Ilustrasi: Peperangan di Konstantinopel (Tangkapan layar video Trailer 1453 di akun FA TV)

Cerpen: Farid Mustofa
Tembok Theodosian adalah garis pelindung terakhir kota Konstantinopel dari arah daratan, dibangun pada awal abad ke-5 oleh Kaisar Theodosius II untuk menghadang serangan-serangan dari wilayah barat. Memanjang sejauh kurang lebih 5,5 kilometer dari Laut Marmara di selatan hingga Golden Horn di utara, tembok ini terdiri dari tiga lapis perlindungan: parit besar di bagian luar, tembok rendah sebagai benteng pertama, dan tembok utama yang menjulang hingga dua belas meter, dengan ketebalan yang mampu menahan serangan selama berabad-abad. Inilah tembok yang membuat Konstantinopel dipercaya tak tertembus, bahkan ketika kekaisaran di dalamnya perlahan melemah. Kini, sebagian besar tembok ini masih berdiri di distrik Fatih, Istanbul—diapit jalan raya dan pemukiman modern, menyimpan bisu dentuman meriam dan teriakan zaman yang telah lewat. 


Pada tahun 1453, di tembok inilah garis akhir itu digores. Sultan Mehmed II menempatkan meriam-meriamnya menghadap langsung ke gerbang utama tembok ini—Gerbang St. Romanus, yang kini dikenal sebagai Topkapi Gate—dan dari titik inilah sejarah pecah. 

 

Cerita ini sepenggal kisah di atas tembok itu, pada hari ketika serangan terakhir mengguncang, setelah pengepungan 50 hari, dan tentara Ottoman memasuki kota, menutup tirai Kekaisaran Byzantium yang telah berdiri lebih dari seribu tahun.

*


Subuh turun tanpa suara. Kabut masih menggantung di dataran Lykos, membentuk bayang putih tipis yang menari pelan di atas tanah. Aku berdiri di atas tembok, bersama serombongan tentara dan warga kota yang sejak malam belum tidur. Di bawah, di balik tembok luar yang mulai retak, tanah yang dulu lapang kini berubah menjadi lautan kemah—kemah musuh.

 

Bayang api tampak di kejauhan. Di balik keremangan fajar, aku melihat siluet raksasa—itu dia: meriam Orban. Satu silinder logam sebesar sumur, lebih panjang dari kereta kuda. Diam, tapi mengancam. Para serdadu Ottoman mengelilinginya bagai semut di sekitar batu besar. Mereka sibuk menyiapkan sesuatu—tangga, peluru besi bulat, bubuk mesiu.

 

Seseorang di sampingku berkata lirih, "Hari ini mereka akan menembak lagi… Aku yakin tembok ini tak bisa lama."

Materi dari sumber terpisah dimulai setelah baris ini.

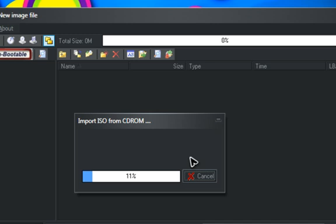I want to thank everybody for commenting on my Copper Cad video. If you guys didn't realize it, I was just messing around. But the comments are appreciated — even the flaming comments. I love the flaming comments.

Aku menoleh, seorang rahib tua memeluk salibnya erat, matanya basah menatap ke arah Hagia Sophia di kejauhan. Lonceng gereja belum berbunyi. Tapi ayam jantan dari balik kota sudah menyambut cahaya pertama yang menerobos kabut.

 

Dari bawah, terdengar teriakan perintah. Tentara Mehmed mulai bergerak. Kuda berderap, lonceng tambur dipukul. Peluru meriam—bulat, gelap, dan tak bernyawa—diangkat oleh lebih dari sepuluh orang. Aku melihatnya dimasukkan ke moncong besar itu, lalu api kecil dinyalakan di sisi bawah. Semua orang di tembok diam.


Dan tiba-tiba… 

 

Duar!

 

Langit menggema, dinding bergetar, merpati beterbangan panik dari menara. Aku menahan napas. Retakan baru muncul di dinding luar—debu mengepul, batu beterbangan.

 

Seorang anak muda di sampingku jatuh terduduk, bukan karena luka, tapi karena ngeri. "Kita sedang melihat akhir zaman," bisiknya.
Aku tidak menjawab. Aku hanya berdiri, menggenggam tepi tembok, memandang dataran luas itu—tempat ratusan ribu pasukan Ottoman siap memecah ribuan tahun sejarah hanya dalam hitungan hari.

*

 

Ledakan itu masih menggemakan kepalaku, meski tanah sudah berhenti bergetar. Batu-batu beterbangan tadi kini diam, teronggok seperti tulang-tulang tua di bawah kabut. Aku tak tahu apa yang lebih berat: suara dentuman itu, atau sunyi yang mengikutinya.

 

Di belakangku, seseorang mengucap doa Yunani dengan suara kecil. Entah untuk Tuhan atau untuk kota ini. Di sampingnya, pemuda yang tadi terduduk masih menggenggam potongan tembok yang pecah. Jemarinya berdarah, tapi ia tidak sadar. Kami semua seperti itu—luka tanpa perasaan, takut tanpa suara.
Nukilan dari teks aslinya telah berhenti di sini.